Cela a pris différentes formes : des gags manqués des Robins des bois au bégaiement factice de Jamel, des enfantillages frauduleux d’Eric et Ramzy aux monologues hasardeux d’Edouard Baer, il ne s’agissait plus de déclencher un rire réflexe mais de théâtraliser son irruption possible. De mettre en scène la situation où un public naïf aurait ri, et ce faisant de faire rire au second degré de ce qu’on ne pouvait évidemment plus rire de ça, plus rire comme ça aujourd’hui. 

J’ai regardé sur Netflix les dix premières minutes du retour de Dany Boon devant son public lillois : pas un gag, rien, des cris, peut-être en dialecte chti, et quelques poses burlesques. Il n’avait pas encore parlé que des gens dans le public pleuraient déjà de rire — c’était terrifiant. 

Le public d’Edouard Baer s’est constitué contre cela. C’est un public raffiné et savant.

Il est pourtant, je crois, dans une disposition mentale exactement symétrique à celui de Dany Boon. Il sait, lui, qu’il ne va pas rire, il s’y prépare, il vise, bien au delà du rire, le grand frisson métaphysique, le silence après Mozart.

Edouard Baer, c’est l’allégorie fatiguée de la civilisation, l’esprit de sérieux qui glisse sur les revers satinés d’un smoking, le mouvement de la nuit elle-même, le silence des espaces infinis. C’est le clown blanc rêvé de ce public lassé de la vulgarité d’un Coluche ou d’un Bigard comme des raffinements stériles du boulevard et de la parodie. 

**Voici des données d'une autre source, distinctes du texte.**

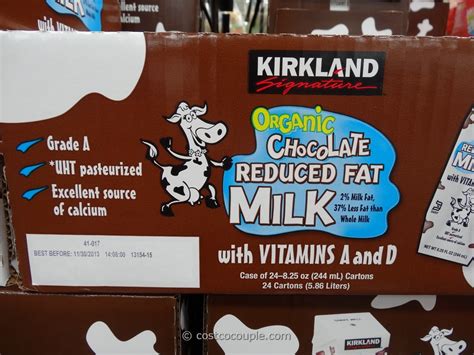 Kirkland Signature Reduced Fat Organic Chocolate Milk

Edouard Baer comme héros chevaleresque, comme Don Quichotte de l’humour — l’auteur de quelques films élégants et mineurs, un Cosmo Vitelli transportant son music-hall de médias en médias, et au cœur secrètement transpercé par le couteau de la mélancolie. 

Le rire selon Edouard Baer n’a plus grand chose à voir avec la comédie ; c’est une posture métaphysique, et c’est cela, je crois, qui me met mal à l’aise. 

Quand elle était très jeune, ma fille se forçait, quand elle buvait de l’eau, à avaler de travers pour éclater de rire — elle confondait, physiologiquement, le rire et la fausse-route, le mouvement réflexe qu’elle faisait pour évacuer l’eau qui tombait dans ses poumons et la sensation diffuse que le monde était une vaste comédie. 

Le métier de comique est une exploitation industrielle de cet état-limite, une plongée consciente dans les eaux troubles de la gorge — des gargarismes pris pour des vocalises. 

Je ne pense pas que le rire soit le propre de l’homme autrement que par accident — une anomalie évolutive née de la torsion du larynx imposée par la station debout. 

Ma fille au fond aurait pu s’étouffer pour le seul plaisir de nous voir réagir positivement à ses toussotements mignons.

Le public d’un humoriste participe de la même façon à son asphyxie volontaire. 

C’est du malaise de la situation dont on rit, en dernier lieu, toujours — qu’elle concerne l’individu ou l’espèce.

Ce qui m’empêche précisément de rire, au fond, devant Edouard Baer, c’est la façon dont il prétend civiliser le rire. L’installer au rang de fonction physiologique normale, de langage élégant.  Edouard Baer est le maître actuel de cette cérémonie plusieurs fois millénaire qui vise à faire sortir le rire du monstrueux pour le ranger parmi les arts — en faire une sorte d’habillage ordinaire de la mélancolie humaine plutôt qu’un répugnant, qu’un hilarant scandale. 

C’est le moraliste, en moi, qui ne trouve pas ça drôle.